● STORED DATA
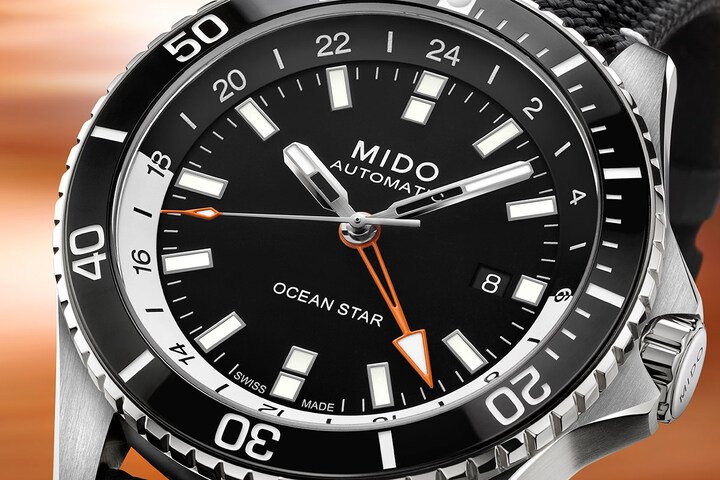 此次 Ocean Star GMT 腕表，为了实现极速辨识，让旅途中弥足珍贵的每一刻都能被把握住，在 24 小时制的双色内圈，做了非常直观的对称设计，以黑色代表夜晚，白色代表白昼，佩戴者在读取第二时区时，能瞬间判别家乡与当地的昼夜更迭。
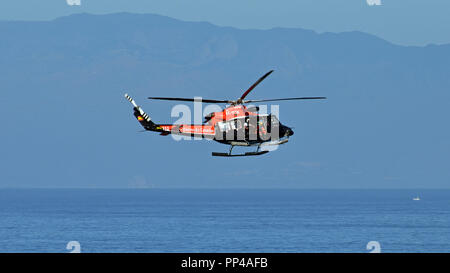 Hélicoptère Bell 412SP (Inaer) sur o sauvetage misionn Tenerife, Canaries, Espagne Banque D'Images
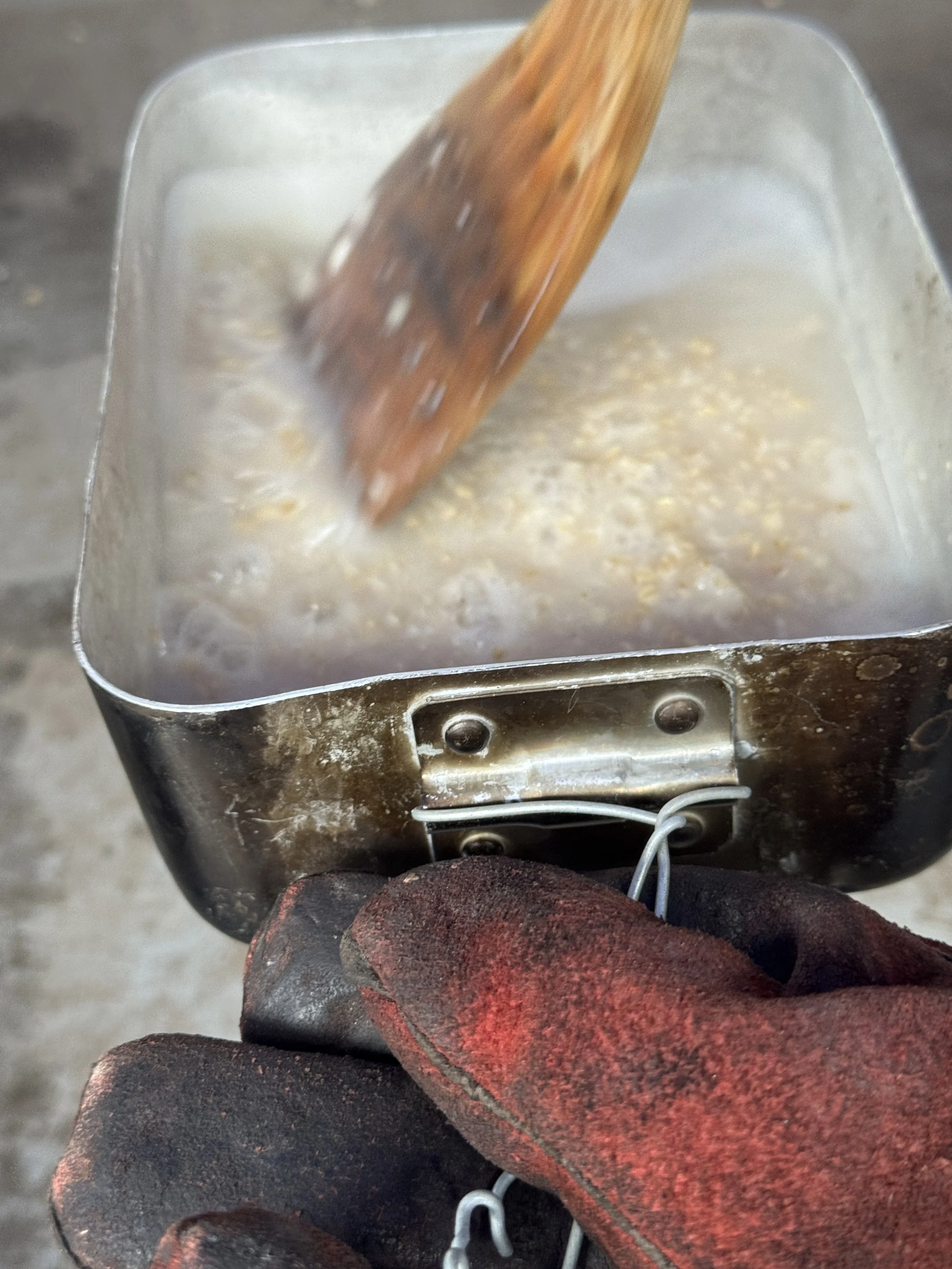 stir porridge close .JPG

● WHAT TO WORK ON
The whole listing should be reproduced exactly. Images don't go in.

● SOLUTION TO THE EXERCISE
 此次 Ocean Star GMT 腕表，为了实现极速辨识，让旅途中弥足珍贵的每一刻都能被把握住，在 24 小时制的双色内圈，做了非常直观的对称设计，以黑色代表夜晚，白色代表白昼，佩戴者在读取第二时区时，能瞬间判别家乡与当地的昼夜更迭。
 Hélicoptère Bell 412SP (Inaer) sur o sauvetage misionn Tenerife, Canaries, Espagne Banque D'Images
 stir porridge close .JPG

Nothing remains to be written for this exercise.